This implementation has several key advantages:

  1. Scheduled Execution: The model runs on a schedule rather than being event-triggered, allowing for controlled retry attempts
  2. Label-Based Tracking: It uses document labels with incrementing counters (e.g., “retry-1”, “retry-2”) to track attempts
  3. Configurable Retry Limit: It applies a cap on retry attempts before marking as permanently failed
  4. Efficient Filtering: It uses query filters to only process documents that need attention

Implementing a Failure Notification Model

For reporting failures to external systems, implement a scheduled model that checks for failed documents:

def check_failures(event: ScheduledEvent, document_store_ref: str, 
                   failed_status_id: str, notification_endpoint: str):
    
    # Get necessary endpoints
    client = KodexaClient()
    document_store = client.get_object_by_ref("store", document_store_ref)
    
    # Find documents in failed status without notification label
    query = f"documentStatus.id:'{failed_status_id}' and not(label:'failure_reported')"
    failed_docs = document_store.stream_filter(query)
    
    for doc in failed_docs:
        # Notify external system
        response = notify_external_system(notification_endpoint, doc)
        if response.status_code == 200:
            # Mark as reported
            doc.add_label("failure_reported")
            # Optionally update to a different status
            doc.set_document_status(fail_reported_status)

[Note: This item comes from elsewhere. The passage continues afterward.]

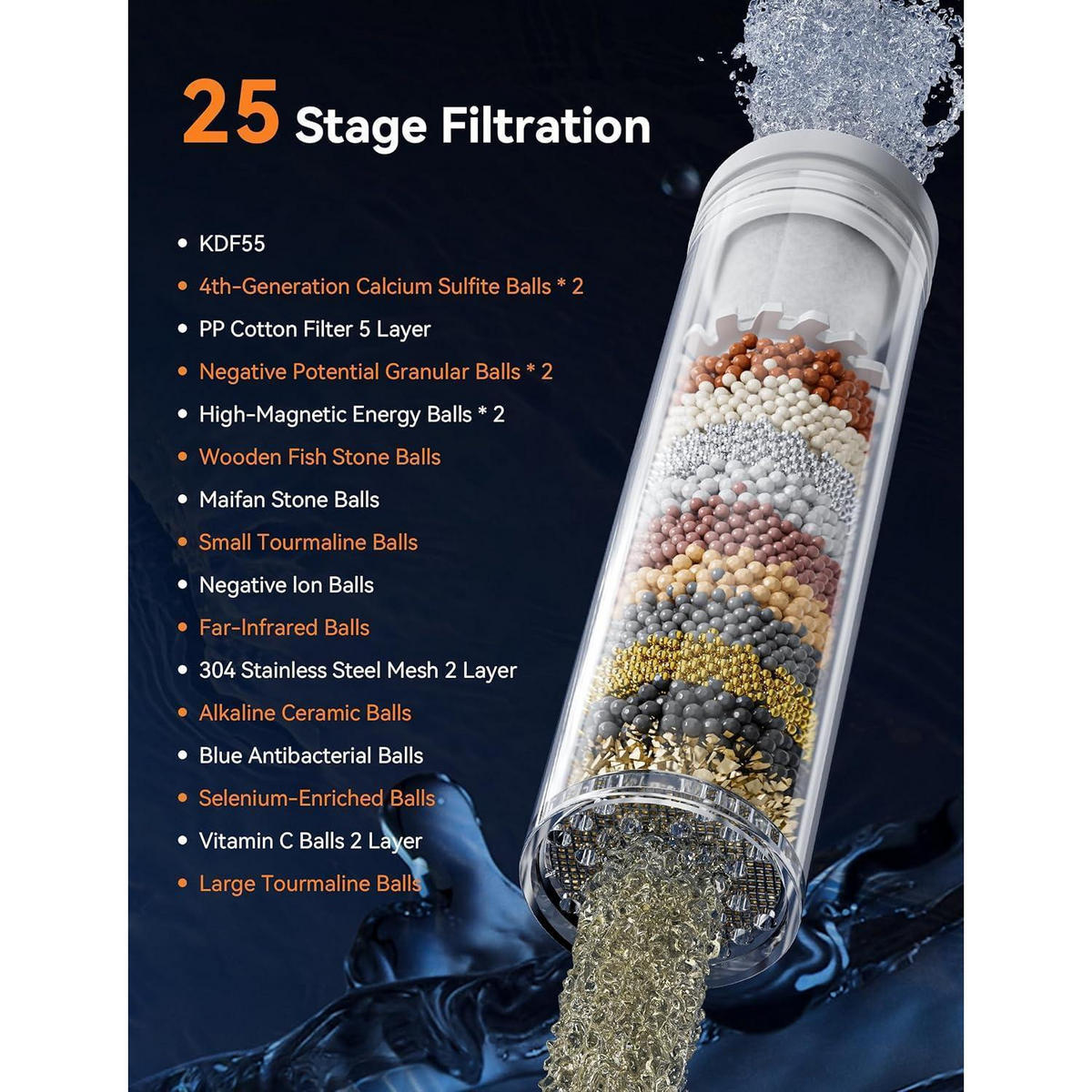 DUSCHFILTER 25-stufige Filtration 2er Set - Multicolor, Kunststoff (5/3/10cm)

This approach allows you to:

  1. Pause retries during system issues without losing track of failures
  2. Create dedicated monitoring for failure conditions
  3. Control the cadence of failure reporting independently from processing

Implementation Considerations

When implementing this state-based approach:

  1. Separation of Concerns: Keep retry logic separate from normal processing pipelines
  2. Stateful Tracking: Use document labels or status to track progress through the workflow
  3. Progressive Processing: Ensure documents flow through the state machine with clear transitions
  4. Controlled Scheduling: Use scheduled events rather than reactive ones for error handling and retries

Conclusion

The state machine approach provides a robust foundation for document processing in Kodexa. By explicitly modeling state transitions and separating failure handling from normal processing flow, your pipelines become more reliable and maintainable.

Rather than building event-driven architectures that react to every document change, focus on defining clear document states, making explicit transitions between states, and implementing resilient error handling through scheduled models. This approach will result in more predictable behavior and easier system maintenance as your document processing needs grow.